Stored data:
[Start of section]
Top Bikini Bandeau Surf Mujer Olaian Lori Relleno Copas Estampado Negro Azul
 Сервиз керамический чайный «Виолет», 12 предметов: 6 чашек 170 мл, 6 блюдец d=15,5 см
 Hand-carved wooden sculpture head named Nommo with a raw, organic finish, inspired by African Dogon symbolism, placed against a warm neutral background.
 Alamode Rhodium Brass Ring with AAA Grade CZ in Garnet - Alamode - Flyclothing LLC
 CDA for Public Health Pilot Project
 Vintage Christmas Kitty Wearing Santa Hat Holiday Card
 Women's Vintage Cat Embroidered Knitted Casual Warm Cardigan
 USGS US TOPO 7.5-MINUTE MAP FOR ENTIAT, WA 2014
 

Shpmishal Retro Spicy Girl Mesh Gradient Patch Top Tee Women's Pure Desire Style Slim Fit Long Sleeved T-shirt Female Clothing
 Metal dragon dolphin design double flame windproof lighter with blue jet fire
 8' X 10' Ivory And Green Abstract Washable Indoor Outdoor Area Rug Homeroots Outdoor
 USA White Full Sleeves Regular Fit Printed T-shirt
[End of section]
Task item:
Show all lines from the entries that hold "shirt".

Result:
Shpmishal Retro Spicy Girl Mesh Gradient Patch Top Tee Women's Pure Desire Style Slim Fit Long Sleeved T-shirt Female Clothing
 USA White Full Sleeves Regular Fit Printed T-shirt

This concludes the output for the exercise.